As I write this (July 13, 2024), the relevant ministry web page hasn’t been updated since November 30, 2023, and shows the 2023 report as the most recent edition.
Where is the 2024 report?
Spoiler alert
The government of Canada has already published its 2024 report on GHG emissions, giving us the 2022 data that the provincial government will be reporting (it seems to take over a year to collect and published the data).
The news isn’t good – BC’s GHG emissions in 2022 went up slightly, to 64 megatons of CO2 equivalent (MtCO2e). This means that despite all the efforts of CleanBC, we are exactly where we started in 2007, when BC produced 63.8 MtCO2e of GHG emissions.
No doubt the Ministry of Environment and Climate Change Strategy is busy drafting an explanation, but we already have hints of what they might say. The Ministry of Energy, Mines and Low Carbon Innovation’s latest Energy Strategy refers to the “increases in population and a growing economy” that have occurred in recent years, without which electricity demand might actually have fallen. We will probably see these themes picked up and expanded upon in the 2024 accountability report.
We can’t have it all
But the energy strategy document unwittingly highlights the government’s climate dilemma. No matter how much we might wish it, it seems to be almost impossible for BC to have both GHG emission reductions and economic growth, at least in the short term.
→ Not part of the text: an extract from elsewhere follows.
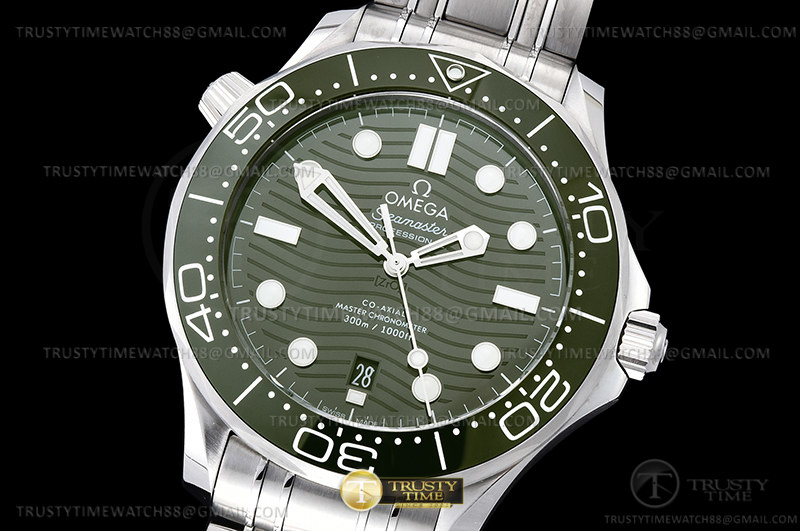 OMG0772B - Seamaster 300m 2018 SS/SS Green ORF Asia 8800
As political scientist Roger Pielke Jr. has noted, the iron law of climate policy is that “When policies focused on economic growth confront policies focused on emissions reductions, it is economic growth that will win out every time.”
As I’ve already written, I expect the government to abandon its 16 percent GHG emission reduction target for 2025. The 2030 target of a 40 percent reduction might charitably be considered aspirational, but to expect to reduce today’s GHG emissions by 16 percent as quickly as 2025 is probably delusional.